Similarly, Gallup polling the identical month confirmed greater than three-quarters of Americans supported growing (28%) or sustaining (49%) the present US dedication to NATO. That mixed complete was the highest in Gallup polling relationship again to 1998 (albeit with no surveys between 1998 and 2022).
Gallup even confirmed about 6 in 10 Republicans supported growing or sustaining the present dedication — up from lower than half in 2022. And solely 13% of Republicans needed to withdraw fully from the alliance, as Trump has floated.
The polling does appear to have shifted a bit since the Iran battle began.
The Pew Research Center’s poll in late March, a couple of month after the battle began, confirmed the share of Republicans and GOP-leaning independents who stated NATO advantages the United States a “great deal” or a “fair amount” dropped from 49% a yr in the past to 38% at present.
But the ballot nonetheless confirmed practically 6 in 10 Americans considered NATO favorably and stated it was useful to the United States.
Taken collectively, the knowledge suggests latest occasions have impacted Americans’ views of NATO.
After the Greenland flap, public help for the alliance appeared to extend. Which would make sense given Americans overwhelmingly opposed Trump’s efforts to take over the island. (A Reuters-Ipsos poll in January confirmed Americans stated 2-to-1 that they had been involved the episode would harm NATO and different US alliances.)
And now the Iran battle, which is extra in style on the proper than taking Greenland was, seems to have satisfied some Republicans that Trump is proper about NATO’s lack of utility.
It does bear emphasizing that NATO was created as a defensive alliance — to not help in no matter battle of selection certainly one of its member states launches. So one may make a convincing case that NATO did its job by standing up for Greenland and that there’s no direct comparability between that and the Iran battle. Also, the solely time NATO’s Article 5 collective protection provision was invoked was to help the United States after the September 11, 2001, assaults.
Exactly what occurs subsequent is an enormous open query.
Trump can’t withdraw from NATO with out getting sign-off from Congress, which might be a tall process.
But that doesn’t imply Trump can’t wound the alliance.
The Wall Street Journal reported this week on a few ideas circulating inside the Trump administration, together with pulling US troops out of nations deemed particularly unhelpful with Iran, or probably even closing a base in certainly one of them. (Trump in 2020 pulled 12,000 troops from Germany, although that transfer was later reversed by Joe Biden.)

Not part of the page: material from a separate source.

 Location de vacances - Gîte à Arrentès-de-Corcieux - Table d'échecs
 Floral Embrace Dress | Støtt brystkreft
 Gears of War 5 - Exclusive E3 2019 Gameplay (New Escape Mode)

The president has additionally broken alliances with NATO and different allies by way of his tariffs and thru his common tendency to deal with them no higher — if not worse — than some adversaries.

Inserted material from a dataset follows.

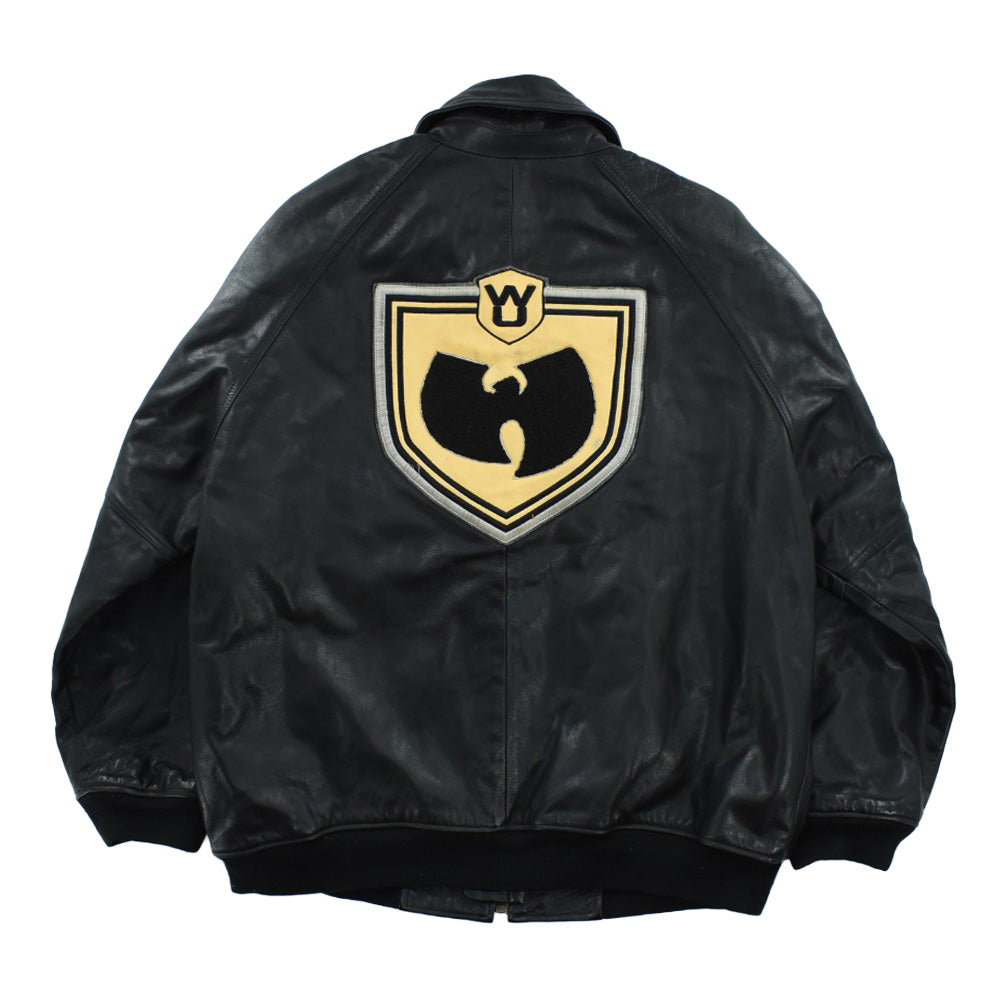 90's Wu-Tang Clan Wu Wear レザージャケット 260106H – LABORATORY®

Perhaps certainly one of the most undersold methods Trump has harm NATO is by legitimizing Russian President Vladimir Putin on the world stage. He’s pushed the United States — and by extension, the world — extra towards a state of affairs through which “might makes right” and large international locations can decide on smaller ones. Carney labeled this the decline of the “rules-based order.”
The penalties of the Iran battle will doubtless be lengthy lasting. And in few arenas may that be extra the case than the way forward for the NATO alliance.